Developing an artistic process which seeks ways of inhabiting the world by the non- action.
The project originates from the idiom “caerse del caballo,” materialized to the point of absurdity through its foundational piece La Caída. Cañadas develops and documents a series of practices that connect this fall, which echoes Saul on the road to Damascus, with the literalness of the stuntman’s craft. These practices also draw on gestures and ways of doing from the artist’s own childhood, where minimal acts of violence were recurrently enacted in a ludic manner. The project draws upon the poetry of Samuel Beckett, with the exhibition title itself alluding to his work.
Through rhythmic, mechanized repetition, the project interweaves the recurring motif of the fly, Barthes’ punctum, and the figure of the mute, idiotic observer. The exploration of animal-human dialogues becomes a central axis of this heterogeneous body of work, aligned with the work of Nicanor Parra, the idiocy celebrated in Lars von Trier’s Idioterne (1998), or Hito Steyerl’s defense of the poor image, among others.
Through the interrelations among these images, the project invites viewers to engage in a dialogue with the dynamic potential inherent in non-action, uncovering the latent significance of inframince moments and its capacity to bear the weight of the contingent.

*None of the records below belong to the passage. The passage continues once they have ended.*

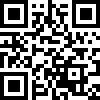 https://ru.abna24.com/xkrCJ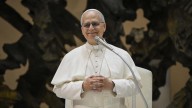 El Papa advierte sobre Gaza: “Hay que buscar otra solución”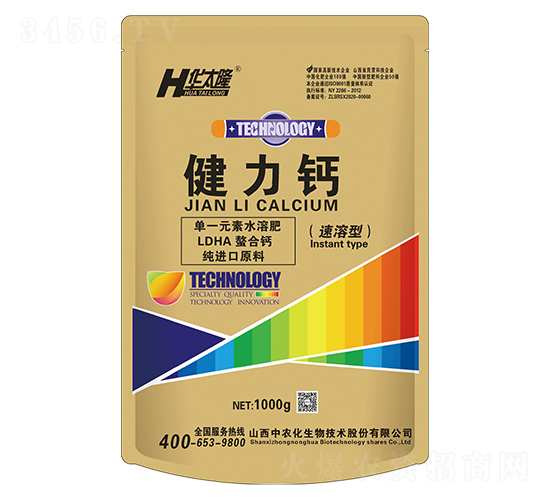 �����}-�A̫¡-���r(n��ng)������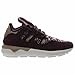 adidas Men's Tubular MOC Runner Black/Olive B24692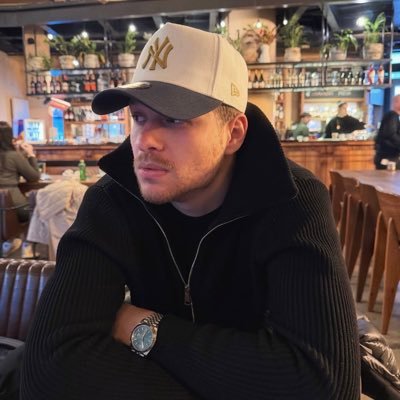 pikacu00r's profile picture. mühendis birisi 💻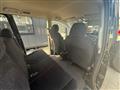 2006 Honda Step WGN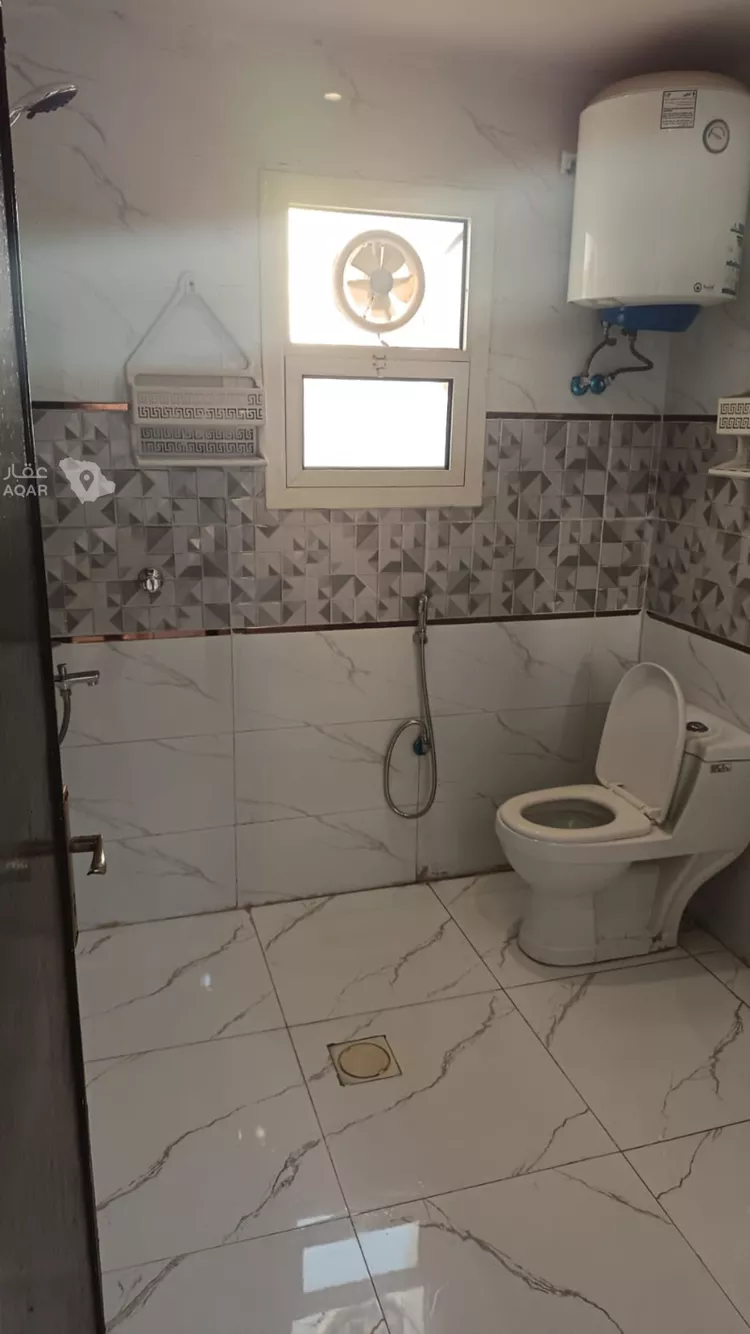 Apartment for Rent in Riyadh An Nasim Ash Sharqi 12
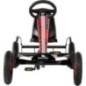 Speedy BF1 black / red - DC17210BF1 Speedy BF1 black / red - DC17210BF1
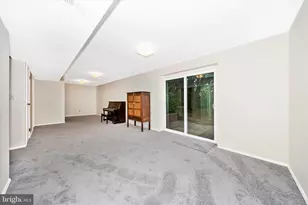 8211 Reveille Ct, Walkersville, MD 21793 - Photo 34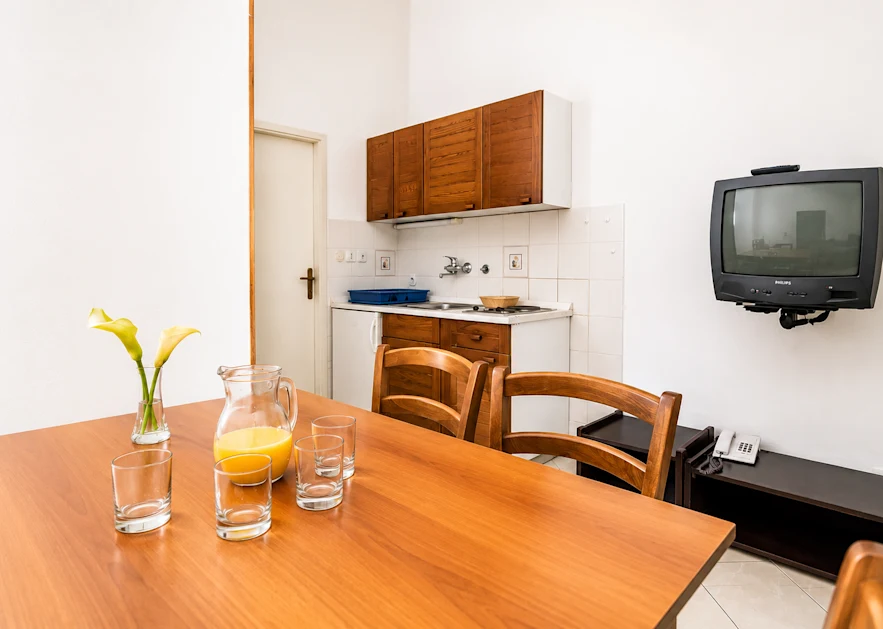 apartments kanegra gallery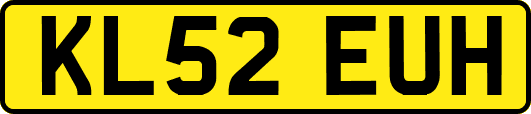 KL52EUH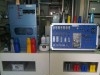 Matériels,Matieres et Pieces de recyclage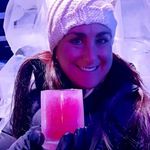 Profile Picture of Debbie Thomas (@deb.thomas.1980) on Instagram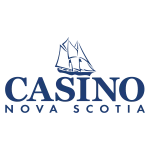 Casino Nova Scotia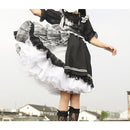 f9dff81ff60fe20fc027f01bf99dfc8ffe0fff0fffcffffffe3fff3ff93f08331c182b9c2b001a002b1c330022331233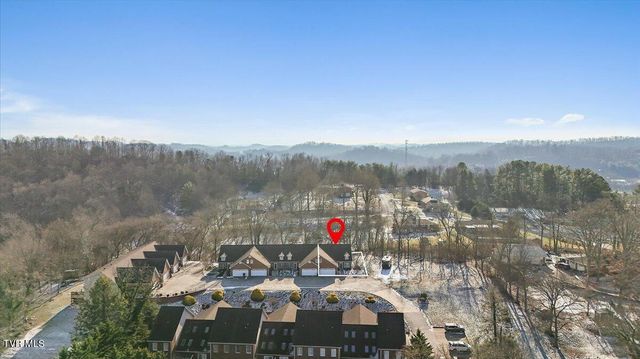 113 Hampton Green Green 113, Colonial Heights, TN 37663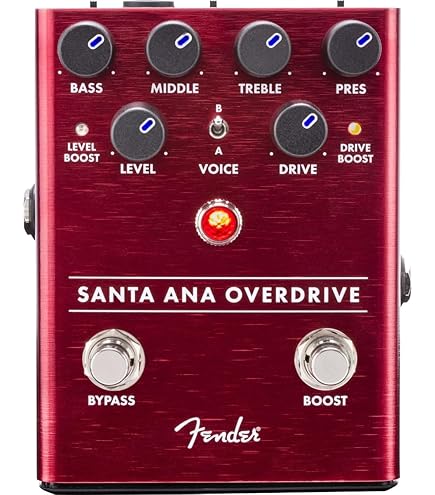 Amazon.co.jp: Providence SONIC DRIVE [SDR-5] : Musical Instruments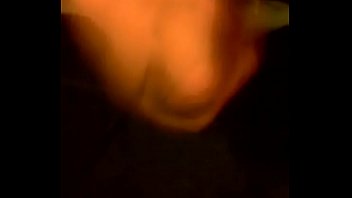 Gay, Leche, Mecos, Jugo-de-camote - Gay - 2025 - Intense - Scene - Video 2652076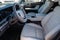 2027 Hyundai SANTA FE HYBRID Calligraphy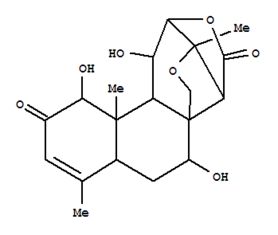 化工產(chǎn)品CAS號快速索引與洛克化工網(wǎng)應(yīng)用指南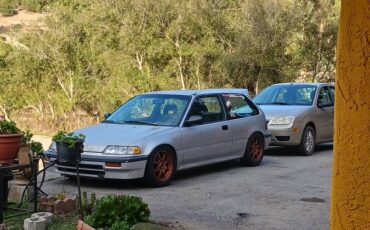89-civic-hatchback-1989-silver-23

A project designed to embrace an awareness tied to stimuli,
non-linear in its approach.
There are records of actions: at times driven by reason devoid of emotion, at others emerging from the body, escaping logic—it was a necessity.
The image contends with the word, sometimes embracing it; they bear witness to destruction,
to the attempt to comprehend something, to non-action as the only possible solace.
(A reflection on the possibility of not wanting to say anything, and on the incapacity to do so.)